I hadn't searched for ages but I just found they have a new website.
This is Namiki Sensei:
There are plenty of other familiar faces in there too, but I think you'll be able to better put names to faces than me. I trained a lot with the slim, dark Brazilian guy but could barely talk to him in Japanese, let alone Portuguese.
06-06-2008, 10:55 AM
Thanks for the picture. I remember Namiki Sensei's face, but never knew his name. He came around the hombu dojo from time to time but he wasn't one of the regulars there.
Best to you.
08-12-2008, 09:16 PM
Hi!!!!Look this videos
11-10-2008, 05:02 PM
Sorry for the bad news, but just today this fact was reported to us by our Master, a close friend of Tezuka sensei
Yesterday Tezuka Akira sensei passed away. He was one of the faithful uchi deshi of Mochizuki Minoru sensei and practised with energy at the old Yoseikan Dojo in Shizuoka. He strongly believed in Budo and tradition and preserved them through the years with his everyday practise. He continued Master Mochizuki's work in Shizuoka Yoseikan dojo with the Budo Seifukai. He left a big gap in Yoseikan tradition
01-27-2009, 10:12 AM
Interesting video of Sensei Murai teaching...
05-01-2009, 07:19 AM
>>>I trained a lot with the slim, dark Brazilian guy but could barely talk to him in Japanese, let alone Portuguese.

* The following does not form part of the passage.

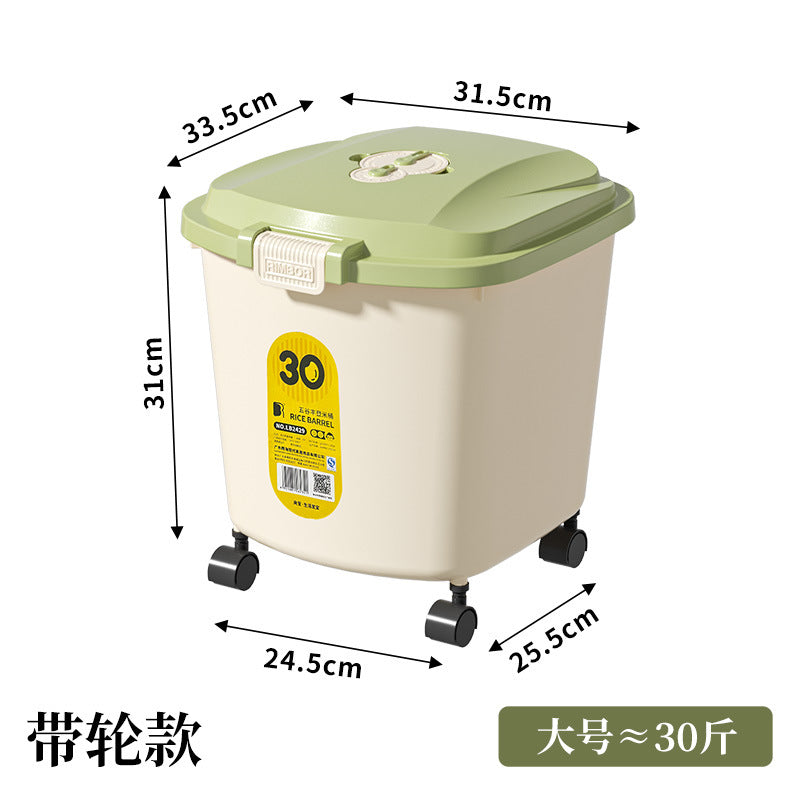Grains Storage Sealed Box Food Grade Rice Noodle Storage Container Insect-proof and Moisture-proof 10kg High-end Household Rice Bucket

That sounds like YAMAUCHI Masao, who posted to this thread with links to current Seifukai video. Another skilled Japanese Brazillian of Yoseikan and then Seifukai is KAWANISHI Isao, 3dan, who recently returned to Brazil. Pictured here are Namiki sensei, Sugiyama sensei, and Kawanishi about a month ago at Kawanishi's sayonara party.
05-01-2009, 07:18 PM
Thanks for the info. I ended up transferring back to Hamamatsu and have been training with Chris Farnham who started this thread. We tried a few local Aikikai dojos of varying quality and finally ended up with a group of "Aiki-Ronin" near Shizudai. I'm afraid I haven't had time to do that and fit in restarting Seifukai.
I actually called by Hamamatsu Budokan a couple of months ago and briefly spoke to you while I was talking with Namiki sensei (Sugiyama sensei was teaching the class). I remembered you as my occasional "English life-line" and I think I owe you some thanks for the help you gave me about six years ago. If you ever want to catch up, just send me a PM. It was actually quite strange and very satisfying to have my first proper conversation ever with Namiki Sensei whom I could now understand. I also met the big Brazilian Jorge in my local supermarket a while back and he was giving me big slaps on the back and congratulating me on my newfound ability to communicate.
I'm afraid I will be leaving Hamamatsu again once my contract ends in a couple of months, so I'm unlikely to restart Seifukai. Is there any option to just train once or twice as a visitor rather than becoming a full member?
PS: If you're staying in town for Golden Week, have a great time at Hamamatsu Matsuri!